Anousheh Ansari was born in Mashhad, Iran and moved to Tehran shortly afterward. She immigrated to the United States in 1984 as a teenager. She received her Bachelor of Science degree in electrical engineering and computer science at George Mason University in Fairfax, Virginia and her master's degree at George Washington University in Washington D.C. After graduation, Anousheh began work at MCI, where she met her future husband, Hamid Ansari. They married in 1991.
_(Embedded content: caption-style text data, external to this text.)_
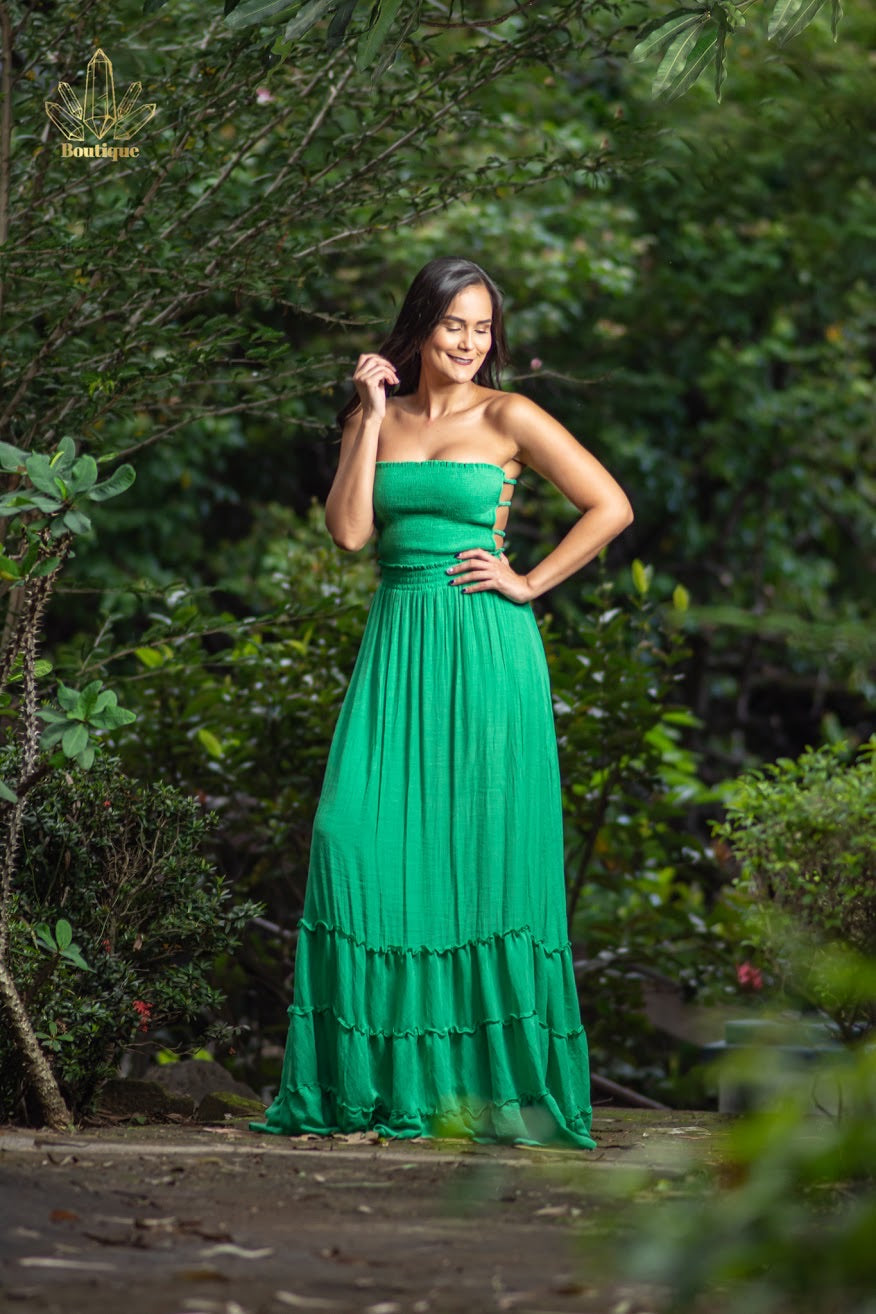 Vestido Verde Largo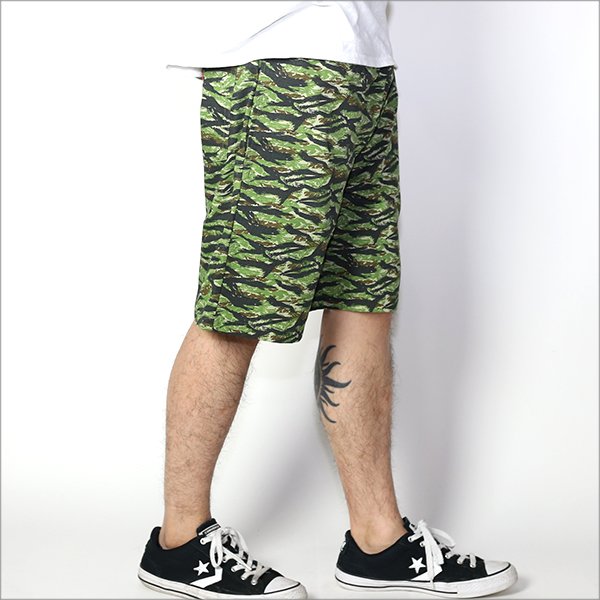 画像3: COOKMAN クックマン Chef ショーツ Ripstop Tiger Camo GREEN (3)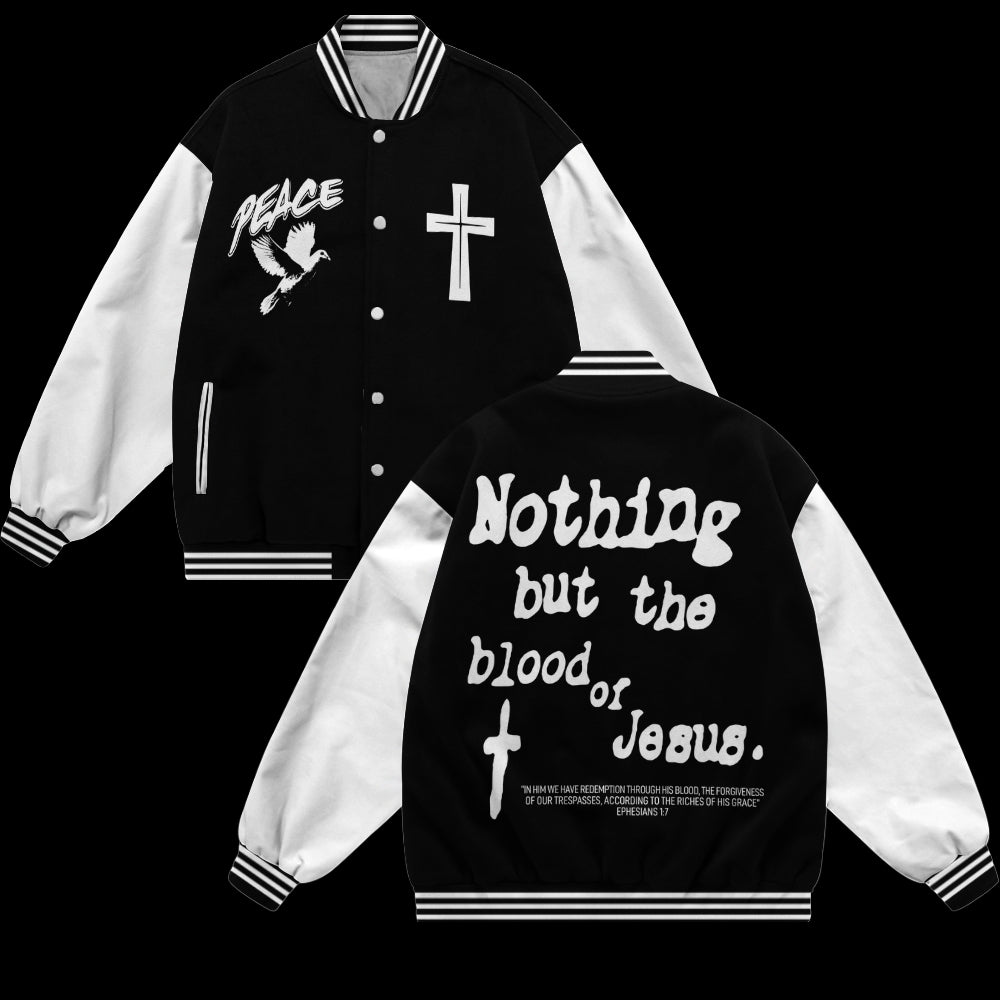 Nothing But The Blood Or Jesus Baseball Jacket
In 1993, as a wave of deregulation hit the telecommunications industry, she persuaded her husband, Hamid Ansari, and her brother-in-law, Amir Ansari, to co-found telecom technologies, Inc. (TTI), using their savings and corporate retirement accounts. TTI was acquired by Sonus Networks in 2001 in a stock-for-stock transaction for 10.8 million shares of Sonus stock. worth more than half-a-billion dollars. A year later, Fortune magazine estimated her personal wealth at about $180 million dollars. The stock price of Sonus then plummeted, and Ansari was sued for insider trading.
In 2006, Ansari co-founded Prodea Systems and is the current chairman and CEO. Prodea has announced a partnership with Space Adventures, Ltd. and the Federal Space Agency of the Russian Federation (FSA) to create a fleet of suborbital spaceflight vehicles (the Space Adventures Explorer) for global commercial use.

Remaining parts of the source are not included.